Comment 10 for bug 669296

Revision history for this message
Gary Poster (gary) wrote : Re: lpnet11 "critical timeout" to nagios, non responsive

The best conclusions so far are these, excerpted from Robert's notes above.

"""
Thread 2 is deleting itself and is waiting for the thread HEAD_LOCK
to do so. It holds the GIL. .... Thread 2 is the reason other threads are not shutting down. Now, why
is thread 2 waiting on the head_mutex?
"""
"""
t_bootstrap calls DeleteCurrent only when finished with the thread: so
thread 2 also is busy finishing with itself.

So the question is, what could possibly be holding the tstate head_lock.

One possibility is that _PyThreadState_Current is set wrongly.

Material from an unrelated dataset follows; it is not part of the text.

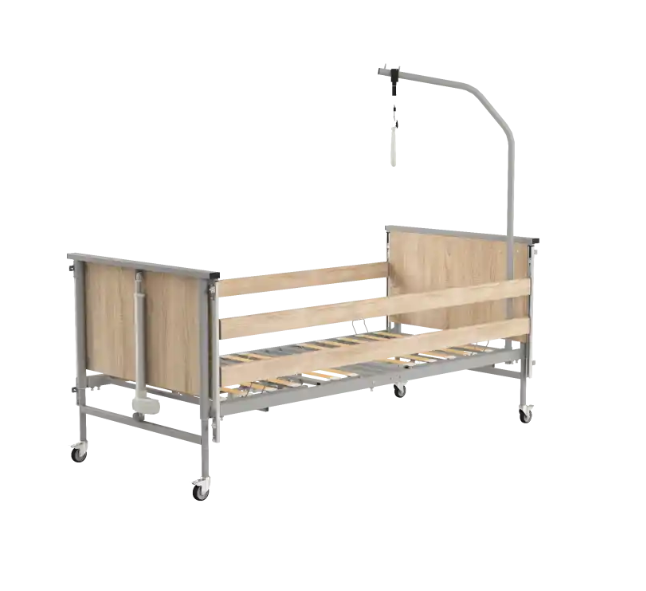 Łóżko szpitalne z drewnianymi panelami, metalową ramą, kółkami i podnośnikiem do wciągania pacjentów.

Nothing is actively restoring 0x81ba540
"""

Robert also reported that there seemed to be correlation with logrotate. Perhaps he is referring to something similar to https://bugs.launchpad.net/launchpad/+bug/680333 (which was reported later than Robert's comment)? As that bug says, we do have past problems, per https://bugs.launchpad.net/launchpad/+bug/481512 . However, if the only evidence to relate the logrotate and the hang is timing, that is indirect and circumstantial. More importantly, if we can regard the incident report log as at least a rough indicator of the time of occurrence, the timing is inconsistent. Bug shows the log rotation at 1:00 UTC, but hangs have been recorded in the incident log since Dec 1 at these times (24 hour clock, UTC): 11:38, 01:45, 08:30, 08:19, 01:39, 09:06, 11:04, 11:46, 02:25, 12:45, 05:20, 05:20, 23:50, 23:30. If we estimate that SMS messages happen within a couple of hours before that time is recorded, then that is oddly clustered around the first 12 hours UTC but not indicative of an event at 01:00, as that bug suggests. Of course, perhaps we have more than one cause of hangs.

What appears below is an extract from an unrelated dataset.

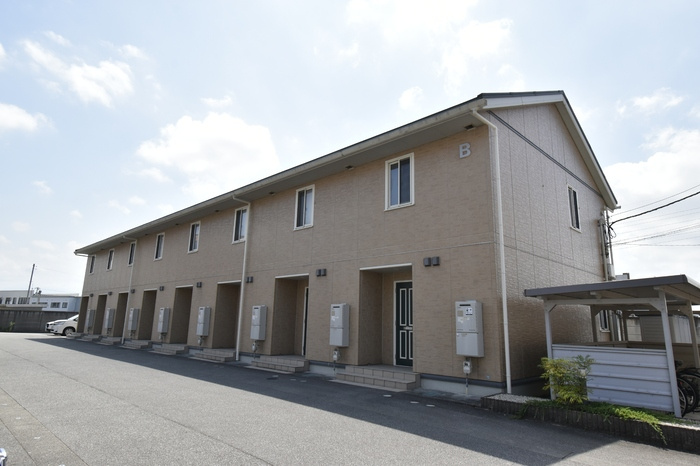 アバンウェル田中町　B棟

We requested that the LOSAs use Michael's newer version of pygdb, and to analyze the hanging process both before and after they try to stop the process. They have had done so at least one time, and we have a number of other instances with less complete data, so I'd like to reopen the discussion with the new data.

This is the most complete data for one instance. https://pastebin.canonical.com/40836/ (from https://bugs.launchpad.net/launchpad/+bug/689463)

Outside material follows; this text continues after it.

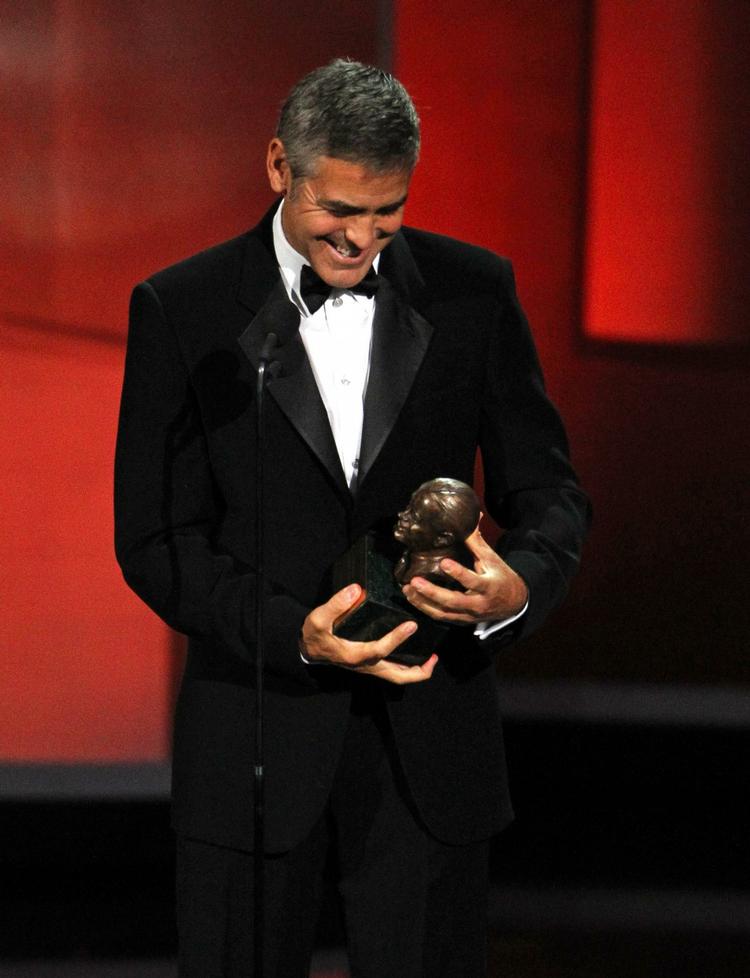 Pris. 49-årige George Clooney modtager her Bob Hope-mindeprisen for sit humanitære arbejde.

We have several other instances recently--one or two every few days, per https://wiki.canonical.com/InformationInfrastructure/OSA/LPIncidentLog . Some of them have debugging output. They can also provide information, but the data is less complete:

https://pastebin.canonical.com/41445/ (33 threads?!)
https://pastebin.canonical.com/41452/ (debugging didn't analyze properly)
https://pastebin.canonical.com/40529/
https://pastebin.canonical.com/40527/
https://pastebin.canonical.com/40245/
https://pastebin.canonical.com/40206/

I'm going to send this out to Michael, Barry, and Robert for more input, also inviting any other launchpad-dev participants to contribute. Then I'll stare some more at these pastebins myself.